_What this task involves_
Once you reach the line containing "MuchoWow® Wandteppich Wandbehang" in the entries below, write out that line and each one after it down to the line containing "Brc By Burryco Solid Mini Dress In Black", exactly and with nothing added.

_Input material_
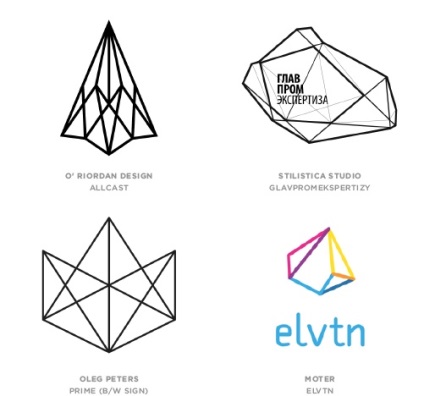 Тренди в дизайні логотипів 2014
--
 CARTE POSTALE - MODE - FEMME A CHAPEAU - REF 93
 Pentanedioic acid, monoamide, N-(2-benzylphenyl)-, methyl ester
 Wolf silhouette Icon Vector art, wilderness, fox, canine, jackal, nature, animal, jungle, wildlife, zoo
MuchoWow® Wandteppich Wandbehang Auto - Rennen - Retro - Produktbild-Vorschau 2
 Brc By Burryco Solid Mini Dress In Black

_Completed task_
MuchoWow® Wandteppich Wandbehang Auto - Rennen - Retro - Produktbild-Vorschau 2
 Brc By Burryco Solid Mini Dress In Black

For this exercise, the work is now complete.